_What to do_
Of the records that follow, copy only the lines from the line containing "9 Best Ethereum" to the line containing "Trafikte fark edilen", both included, exactly as written.

[Dataset excerpts Boundary: Start]

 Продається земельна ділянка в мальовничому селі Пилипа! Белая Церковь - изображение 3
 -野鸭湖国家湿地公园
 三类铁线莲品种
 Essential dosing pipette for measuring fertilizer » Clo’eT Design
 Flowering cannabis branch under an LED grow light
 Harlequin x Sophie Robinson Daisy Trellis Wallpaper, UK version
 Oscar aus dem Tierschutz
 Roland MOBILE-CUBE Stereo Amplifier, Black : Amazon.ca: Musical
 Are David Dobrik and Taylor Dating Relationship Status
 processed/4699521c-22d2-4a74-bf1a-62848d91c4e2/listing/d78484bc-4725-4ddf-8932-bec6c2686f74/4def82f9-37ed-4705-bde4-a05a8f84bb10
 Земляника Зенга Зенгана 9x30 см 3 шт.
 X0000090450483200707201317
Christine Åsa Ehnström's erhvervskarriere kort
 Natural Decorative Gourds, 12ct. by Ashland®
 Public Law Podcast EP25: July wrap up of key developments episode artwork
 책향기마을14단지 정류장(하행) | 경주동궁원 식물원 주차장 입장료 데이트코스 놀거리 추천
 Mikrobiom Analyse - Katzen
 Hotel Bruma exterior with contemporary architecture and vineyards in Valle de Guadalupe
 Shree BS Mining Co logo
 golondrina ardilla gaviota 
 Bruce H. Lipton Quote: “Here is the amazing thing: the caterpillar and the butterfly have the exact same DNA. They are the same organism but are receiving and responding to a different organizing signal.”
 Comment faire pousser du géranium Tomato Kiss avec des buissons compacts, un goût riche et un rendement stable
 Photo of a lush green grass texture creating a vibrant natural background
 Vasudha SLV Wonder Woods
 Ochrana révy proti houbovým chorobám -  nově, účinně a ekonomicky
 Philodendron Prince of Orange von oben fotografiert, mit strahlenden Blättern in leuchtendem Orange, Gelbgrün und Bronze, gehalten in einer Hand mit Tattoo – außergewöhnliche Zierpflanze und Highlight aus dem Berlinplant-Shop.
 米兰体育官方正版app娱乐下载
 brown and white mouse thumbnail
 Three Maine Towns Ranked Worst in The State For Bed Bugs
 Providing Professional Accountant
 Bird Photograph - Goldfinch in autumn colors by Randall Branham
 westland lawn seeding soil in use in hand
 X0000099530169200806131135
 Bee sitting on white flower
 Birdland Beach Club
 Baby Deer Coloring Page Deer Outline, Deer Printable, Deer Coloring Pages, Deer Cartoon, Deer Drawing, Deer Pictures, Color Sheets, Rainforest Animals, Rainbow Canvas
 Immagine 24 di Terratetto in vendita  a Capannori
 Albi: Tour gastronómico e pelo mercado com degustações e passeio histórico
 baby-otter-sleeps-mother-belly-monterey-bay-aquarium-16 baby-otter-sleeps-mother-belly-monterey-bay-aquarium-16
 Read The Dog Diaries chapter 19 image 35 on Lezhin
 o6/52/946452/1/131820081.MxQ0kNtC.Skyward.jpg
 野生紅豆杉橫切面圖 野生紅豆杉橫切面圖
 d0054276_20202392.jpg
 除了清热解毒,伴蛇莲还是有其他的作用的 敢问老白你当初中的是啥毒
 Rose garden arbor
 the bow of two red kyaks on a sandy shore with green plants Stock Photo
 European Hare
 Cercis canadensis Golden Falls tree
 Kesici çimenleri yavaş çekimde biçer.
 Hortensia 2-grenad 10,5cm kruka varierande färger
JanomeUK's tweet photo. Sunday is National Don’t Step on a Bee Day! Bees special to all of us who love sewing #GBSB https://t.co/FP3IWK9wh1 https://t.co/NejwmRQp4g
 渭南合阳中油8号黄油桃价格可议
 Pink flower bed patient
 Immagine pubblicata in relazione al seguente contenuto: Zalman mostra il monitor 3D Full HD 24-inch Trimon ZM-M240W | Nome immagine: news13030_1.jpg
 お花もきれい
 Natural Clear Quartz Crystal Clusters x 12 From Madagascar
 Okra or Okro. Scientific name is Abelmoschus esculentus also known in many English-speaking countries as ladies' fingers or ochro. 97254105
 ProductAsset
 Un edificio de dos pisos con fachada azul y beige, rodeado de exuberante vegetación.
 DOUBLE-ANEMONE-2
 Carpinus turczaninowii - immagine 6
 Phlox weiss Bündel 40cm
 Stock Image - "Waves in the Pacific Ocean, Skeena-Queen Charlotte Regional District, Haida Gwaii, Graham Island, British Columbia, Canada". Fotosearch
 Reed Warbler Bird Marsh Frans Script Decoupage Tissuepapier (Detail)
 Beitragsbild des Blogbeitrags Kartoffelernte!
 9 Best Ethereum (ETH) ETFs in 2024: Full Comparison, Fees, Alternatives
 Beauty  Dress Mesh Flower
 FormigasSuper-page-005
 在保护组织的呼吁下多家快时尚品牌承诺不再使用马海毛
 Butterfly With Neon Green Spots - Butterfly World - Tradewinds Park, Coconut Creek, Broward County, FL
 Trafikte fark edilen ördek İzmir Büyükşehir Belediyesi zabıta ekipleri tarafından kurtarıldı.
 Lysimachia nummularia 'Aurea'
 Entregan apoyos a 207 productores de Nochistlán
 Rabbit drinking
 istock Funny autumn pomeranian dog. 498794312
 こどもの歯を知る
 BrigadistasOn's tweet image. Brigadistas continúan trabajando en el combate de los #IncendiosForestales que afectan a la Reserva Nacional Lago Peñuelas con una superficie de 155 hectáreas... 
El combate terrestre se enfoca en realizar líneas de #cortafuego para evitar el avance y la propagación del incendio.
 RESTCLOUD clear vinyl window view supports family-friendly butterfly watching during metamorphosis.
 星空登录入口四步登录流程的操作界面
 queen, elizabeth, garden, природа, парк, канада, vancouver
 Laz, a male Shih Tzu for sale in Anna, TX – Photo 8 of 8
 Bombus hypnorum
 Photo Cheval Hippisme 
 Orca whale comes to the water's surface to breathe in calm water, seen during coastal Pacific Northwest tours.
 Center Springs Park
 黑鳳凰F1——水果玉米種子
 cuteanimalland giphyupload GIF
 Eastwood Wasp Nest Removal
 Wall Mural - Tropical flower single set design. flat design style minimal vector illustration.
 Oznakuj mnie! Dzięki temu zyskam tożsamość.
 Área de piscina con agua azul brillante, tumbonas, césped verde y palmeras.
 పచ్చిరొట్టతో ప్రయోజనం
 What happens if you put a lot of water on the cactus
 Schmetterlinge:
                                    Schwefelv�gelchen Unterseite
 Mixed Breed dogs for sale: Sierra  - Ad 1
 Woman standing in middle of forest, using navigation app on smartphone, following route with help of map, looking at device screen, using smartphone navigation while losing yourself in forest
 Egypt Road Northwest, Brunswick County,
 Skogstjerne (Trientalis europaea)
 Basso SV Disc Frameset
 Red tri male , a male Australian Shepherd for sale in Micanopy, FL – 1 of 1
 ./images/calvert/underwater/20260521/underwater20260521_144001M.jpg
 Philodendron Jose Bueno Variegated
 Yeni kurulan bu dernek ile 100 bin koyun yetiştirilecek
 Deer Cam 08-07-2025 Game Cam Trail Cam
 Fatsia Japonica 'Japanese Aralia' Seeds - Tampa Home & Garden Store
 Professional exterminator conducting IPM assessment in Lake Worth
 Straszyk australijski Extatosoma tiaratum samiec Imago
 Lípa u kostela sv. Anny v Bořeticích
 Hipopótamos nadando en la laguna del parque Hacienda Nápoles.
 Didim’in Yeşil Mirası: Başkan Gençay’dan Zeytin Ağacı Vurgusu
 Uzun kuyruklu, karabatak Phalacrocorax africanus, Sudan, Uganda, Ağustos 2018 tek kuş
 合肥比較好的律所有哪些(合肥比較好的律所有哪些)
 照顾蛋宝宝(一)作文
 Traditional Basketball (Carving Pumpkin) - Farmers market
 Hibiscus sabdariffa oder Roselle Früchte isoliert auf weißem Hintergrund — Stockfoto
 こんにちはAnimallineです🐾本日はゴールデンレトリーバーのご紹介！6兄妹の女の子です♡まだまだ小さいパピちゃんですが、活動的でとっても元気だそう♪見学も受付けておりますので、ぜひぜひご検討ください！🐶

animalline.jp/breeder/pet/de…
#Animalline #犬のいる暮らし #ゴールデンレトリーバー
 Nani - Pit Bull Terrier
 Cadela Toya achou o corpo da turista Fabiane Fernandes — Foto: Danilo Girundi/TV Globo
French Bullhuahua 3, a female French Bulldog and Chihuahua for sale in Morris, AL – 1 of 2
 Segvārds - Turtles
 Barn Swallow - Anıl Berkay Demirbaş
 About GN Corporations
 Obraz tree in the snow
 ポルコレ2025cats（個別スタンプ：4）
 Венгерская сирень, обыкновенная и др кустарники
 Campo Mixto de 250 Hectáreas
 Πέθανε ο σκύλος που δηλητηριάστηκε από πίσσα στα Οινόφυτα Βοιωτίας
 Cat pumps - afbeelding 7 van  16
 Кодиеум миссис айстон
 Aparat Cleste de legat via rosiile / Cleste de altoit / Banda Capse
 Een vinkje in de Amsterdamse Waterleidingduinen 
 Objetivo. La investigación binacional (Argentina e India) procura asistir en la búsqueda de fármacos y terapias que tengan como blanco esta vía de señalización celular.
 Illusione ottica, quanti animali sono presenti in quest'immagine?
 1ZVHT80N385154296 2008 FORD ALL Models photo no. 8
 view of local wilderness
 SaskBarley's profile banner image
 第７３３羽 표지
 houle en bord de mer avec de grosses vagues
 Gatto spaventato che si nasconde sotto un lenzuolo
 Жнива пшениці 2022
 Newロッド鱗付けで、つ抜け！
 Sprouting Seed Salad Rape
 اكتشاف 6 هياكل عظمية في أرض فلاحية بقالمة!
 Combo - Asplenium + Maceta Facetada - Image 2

[Dataset excerpts Boundary: End]

_Solution below_
 9 Best Ethereum (ETH) ETFs in 2024: Full Comparison, Fees, Alternatives
 Beauty  Dress Mesh Flower
 FormigasSuper-page-005
 在保护组织的呼吁下多家快时尚品牌承诺不再使用马海毛
 Butterfly With Neon Green Spots - Butterfly World - Tradewinds Park, Coconut Creek, Broward County, FL
 Trafikte fark edilen ördek İzmir Büyükşehir Belediyesi zabıta ekipleri tarafından kurtarıldı.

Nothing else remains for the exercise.